▸ **Task to complete**: Repeat exactly the line with "Arsenal v West Ham United 25-Mar-1961" and each line after it to the end of the data below; pictures stay out.

▸ **Information given**:
__________________________________________________

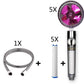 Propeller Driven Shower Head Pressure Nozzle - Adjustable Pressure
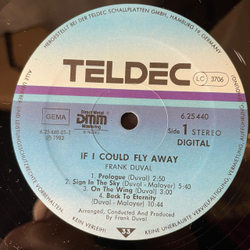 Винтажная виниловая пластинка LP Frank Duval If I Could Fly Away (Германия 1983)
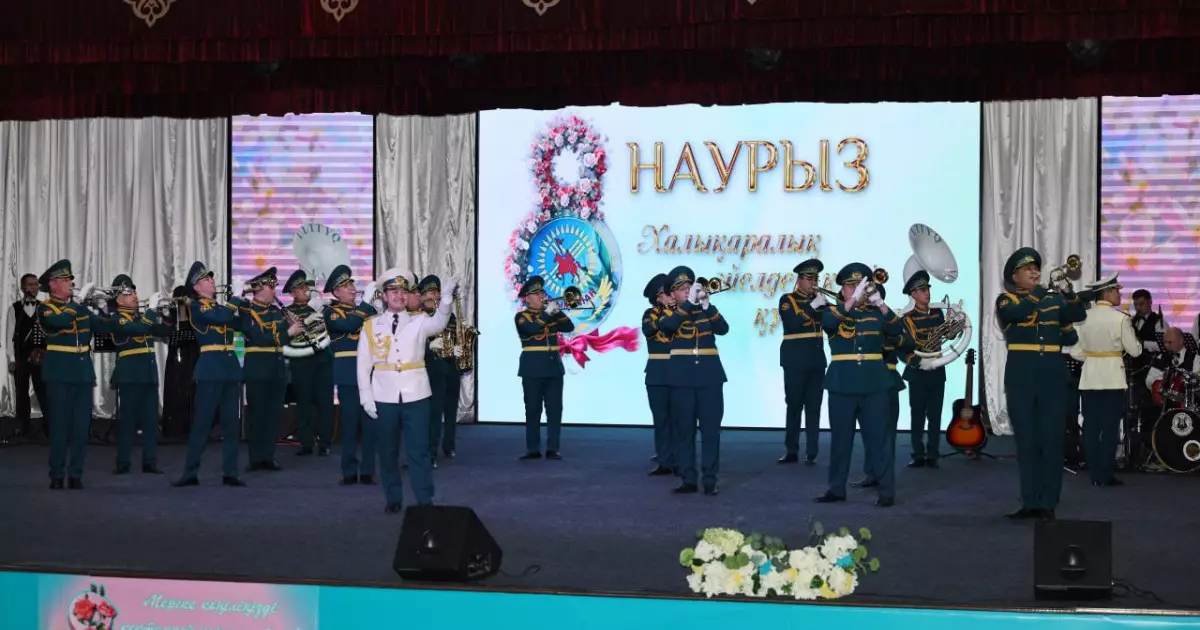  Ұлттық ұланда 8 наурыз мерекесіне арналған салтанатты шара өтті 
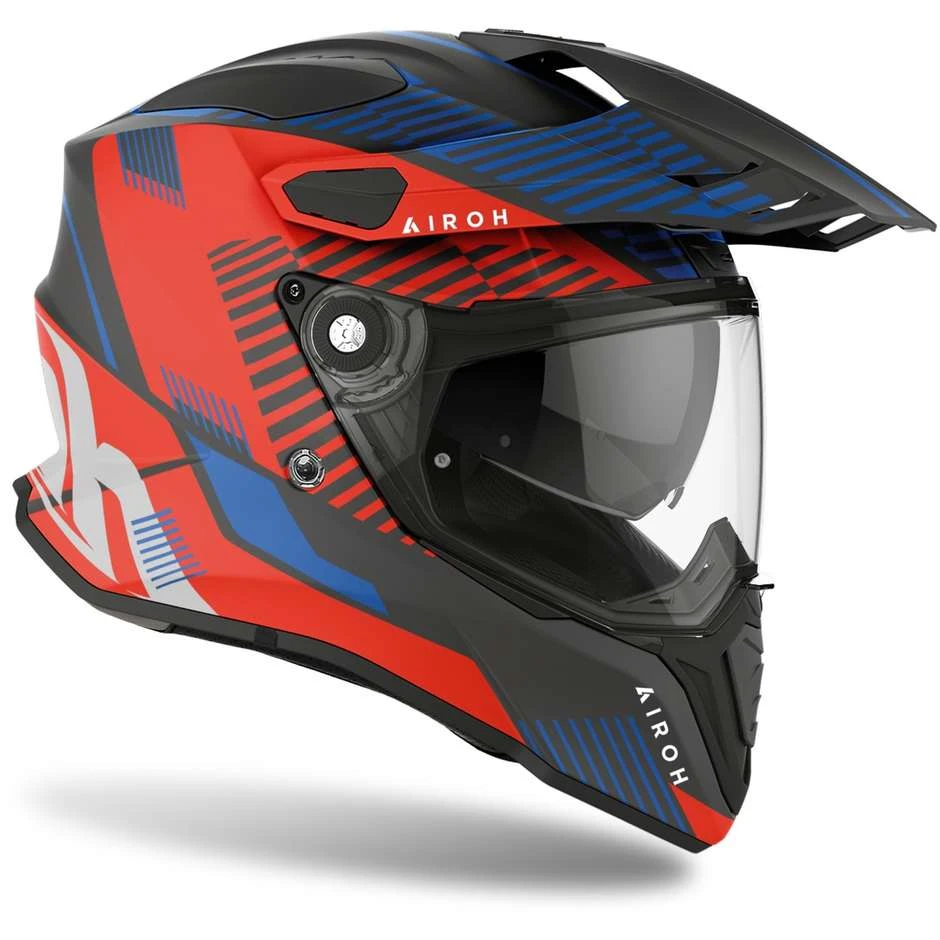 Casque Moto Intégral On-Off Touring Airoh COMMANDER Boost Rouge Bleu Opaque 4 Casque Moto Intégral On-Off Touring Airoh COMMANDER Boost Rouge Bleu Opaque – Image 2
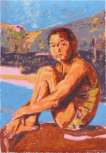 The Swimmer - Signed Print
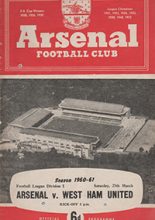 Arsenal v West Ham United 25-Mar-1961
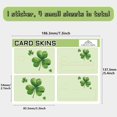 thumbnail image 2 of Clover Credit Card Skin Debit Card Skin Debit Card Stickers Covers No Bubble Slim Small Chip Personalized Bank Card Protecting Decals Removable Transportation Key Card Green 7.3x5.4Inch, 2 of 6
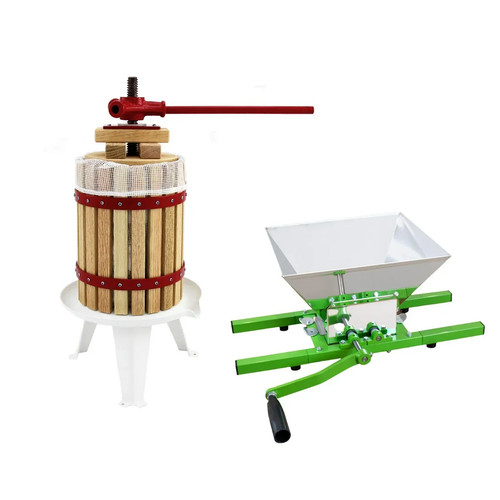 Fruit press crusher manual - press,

__________________________________________________

▸ **Answer below**:
 Arsenal v West Ham United 25-Mar-1961
 thumbnail image 2 of Clover Credit Card Skin Debit Card Skin Debit Card Stickers Covers No Bubble Slim Small Chip Personalized Bank Card Protecting Decals Removable Transportation Key Card Green 7.3x5.4Inch, 2 of 6
 Fruit press crusher manual - press,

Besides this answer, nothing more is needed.